Voilà une illustration supplémentaire de la citation de l’écrivain et scénariste Henri Jeanson (1900-1970), « On ne fait pas de bonne littérature avec de bons sentiments ». Même si le but est louable, sensibiliser le jeune public à la défense et la protection de la nature [ici la forêt de Bornéo, en Indonésie, où vivent les orangs-outangs, détruite pour être remplacée par des plantations de palmiers à huile, avec la complicité du gouvernement (huile produite à 85 % par l’Indonésie et la Malaisie, et première consommée au monde car peu couteuse à produire et au rendement élevé], le film est, non seulement, manichéen mais a une trame narrative assez mince [loin du « Livre de la jungle » (1894) de Rudyard Kipling (1865-1936) et bien sûr des films d’animation d’Hayao Miyazaki, fervent défenseur de la nature depuis ses débuts, de façon plus subtile et originale], et mièvre, façon Martine se perd en forêt, Martine découvre les animaux sauvages, Martine fait sa rebelle :
Kéria, adolescente métisse, androgyne, végane et égoïste, dont le père européen travaille dans une palmeraie (sa mère a été tuée par un léopard, fauve pourtant absent de Bornéo mais présent à Java), recueille un bébé orang-outang non sevré, Oshi, et apprend à mieux connaitre son cousin indigène Punan, Sélaï, dont la communauté tente de s’opposer à la déforestation
. L’honneur est sauf car cela reste politiquement correct.
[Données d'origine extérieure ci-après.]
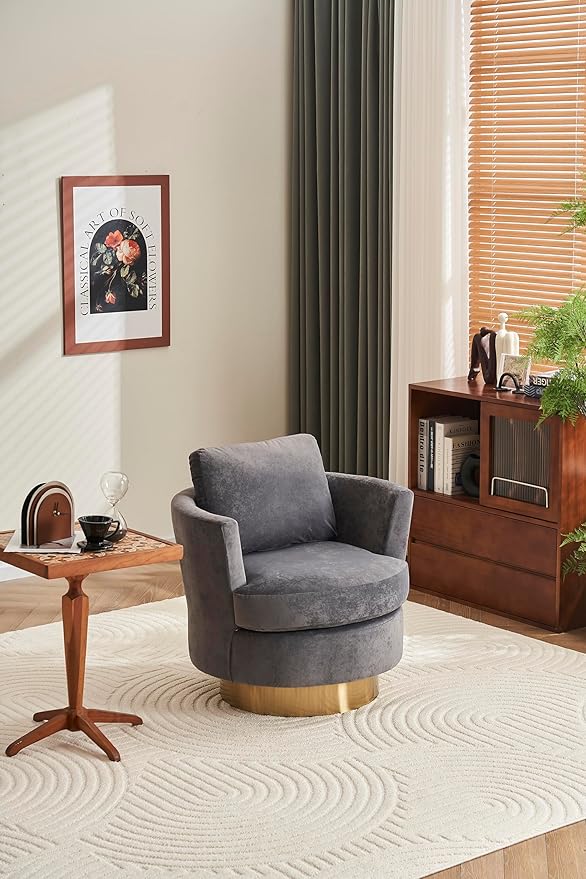 Velvet Swivel Barrel Chair Swivel Accent Chairs Armchair for Living Room Reading Chairs for Bedroom Comfy Round Barrel Chairs with Gold Stainless Steel Base (Grey)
Le vrai sujet, tout aussi politique, malheureusement effleuré, au début, est celui de l’altérité, le qualificatif sauvage étant péjoratif (alors qu’étymologiquement, il vient du latin sylvaticus, forestier, de la forêt : les forestiers brutalisent les arbres comme des sauvages, Kéria considère son cousin Sélaï, chasseur-cueilleur comme un sauvage, chassant à la sarbacane et marchant pieds nus. Heureusement la qualité de l’animation en stop-motion, ainsi que le fond sonore réaliste de la forêt, sauvent le film, un peu long (80 mn)
et qui s’achève par la chanson « Tous les cris les S.O.S. » (1985) de Daniel Balavoine (1952-1986).